Short descriptive text snippets:
--------------------------------
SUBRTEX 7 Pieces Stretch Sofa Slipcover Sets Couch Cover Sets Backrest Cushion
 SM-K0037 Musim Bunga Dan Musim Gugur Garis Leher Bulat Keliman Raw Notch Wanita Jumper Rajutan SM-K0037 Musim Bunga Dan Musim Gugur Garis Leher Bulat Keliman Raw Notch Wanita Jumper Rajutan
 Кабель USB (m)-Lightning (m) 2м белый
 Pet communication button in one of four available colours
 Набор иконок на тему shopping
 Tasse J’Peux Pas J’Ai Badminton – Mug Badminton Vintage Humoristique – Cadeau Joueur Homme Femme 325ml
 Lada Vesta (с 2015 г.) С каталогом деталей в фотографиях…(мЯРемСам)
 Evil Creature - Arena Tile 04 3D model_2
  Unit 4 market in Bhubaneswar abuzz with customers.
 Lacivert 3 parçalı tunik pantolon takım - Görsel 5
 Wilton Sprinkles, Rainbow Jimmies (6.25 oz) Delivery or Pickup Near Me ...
--------------------------------
- _What the task requires_: Your task is to output all of the data above word for word.

- _Reply_:
SUBRTEX 7 Pieces Stretch Sofa Slipcover Sets Couch Cover Sets Backrest Cushion
 SM-K0037 Musim Bunga Dan Musim Gugur Garis Leher Bulat Keliman Raw Notch Wanita Jumper Rajutan SM-K0037 Musim Bunga Dan Musim Gugur Garis Leher Bulat Keliman Raw Notch Wanita Jumper Rajutan
 Кабель USB (m)-Lightning (m) 2м белый
 Pet communication button in one of four available colours
 Набор иконок на тему shopping
 Tasse J’Peux Pas J’Ai Badminton – Mug Badminton Vintage Humoristique – Cadeau Joueur Homme Femme 325ml
 Lada Vesta (с 2015 г.) С каталогом деталей в фотографиях…(мЯРемСам)
 Evil Creature - Arena Tile 04 3D model_2
  Unit 4 market in Bhubaneswar abuzz with customers.
 Lacivert 3 parçalı tunik pantolon takım - Görsel 5
 Wilton Sprinkles, Rainbow Jimmies (6.25 oz) Delivery or Pickup Near Me ...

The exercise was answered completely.